### EXERCISE OBJECTIVE:
The whole listing should be retyped word for word, apart from the pictures it holds.
[SOURCE MATERIAL Boundary: Start]
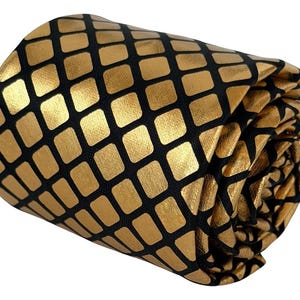 May include: A rolled necktie featuring a metallic gold grid pattern set against a solid black background. The fabric displays a repeating geometric square design with rounded corners, creating a textured appearance across the entire surface.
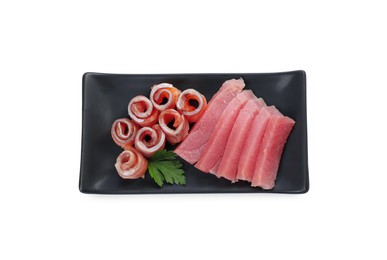Tasty sashimi (slices of fresh raw tuna and salmon) with parsley isolated on white, top view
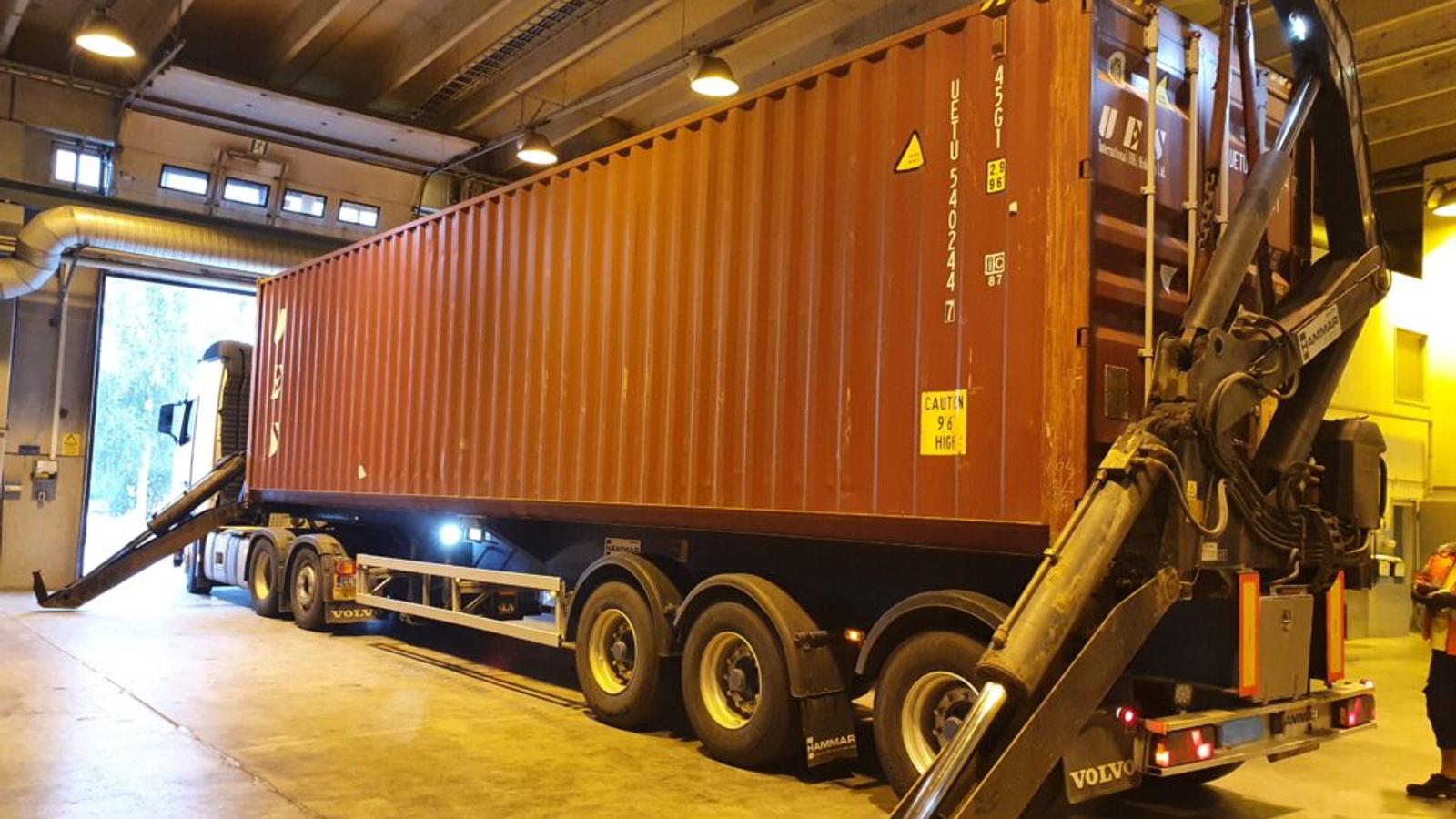 Suuri merikontti lastataan kuljetusautoon RTA-Metallin toimitiloissa. Sivukuormausnosturi varmistaa turvallisen ja tehokkaan lastauksen.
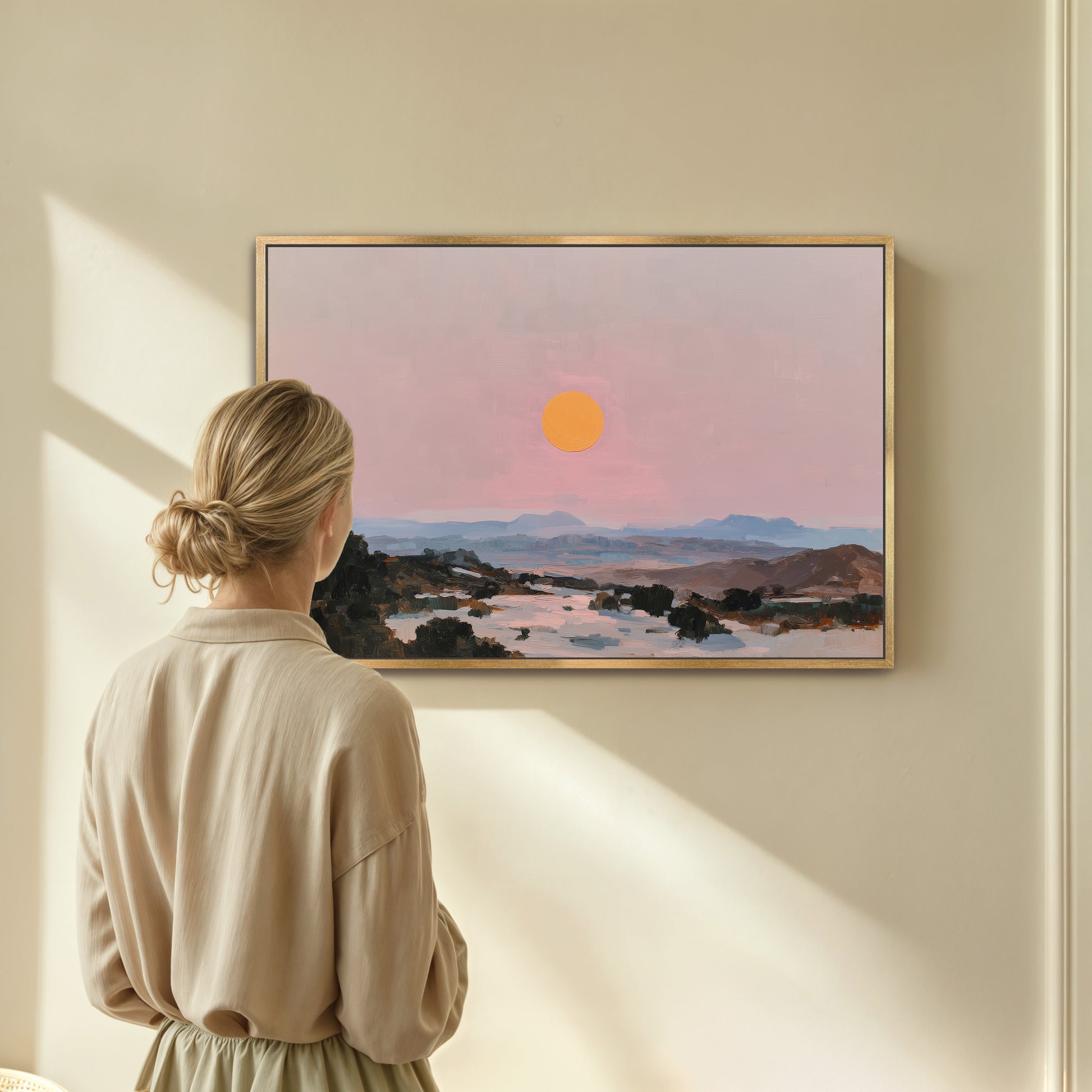 A woman stands in front of a painting, gazing at the landscape depicted in the artwork.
[SOURCE MATERIAL Boundary: End]
### RESPONSE BELOW:
 May include: A rolled necktie featuring a metallic gold grid pattern set against a solid black background. The fabric displays a repeating geometric square design with rounded corners, creating a textured appearance across the entire surface.
Tasty sashimi (slices of fresh raw tuna and salmon) with parsley isolated on white, top view
 Suuri merikontti lastataan kuljetusautoon RTA-Metallin toimitiloissa. Sivukuormausnosturi varmistaa turvallisen ja tehokkaan lastauksen.
 A woman stands in front of a painting, gazing at the landscape depicted in the artwork.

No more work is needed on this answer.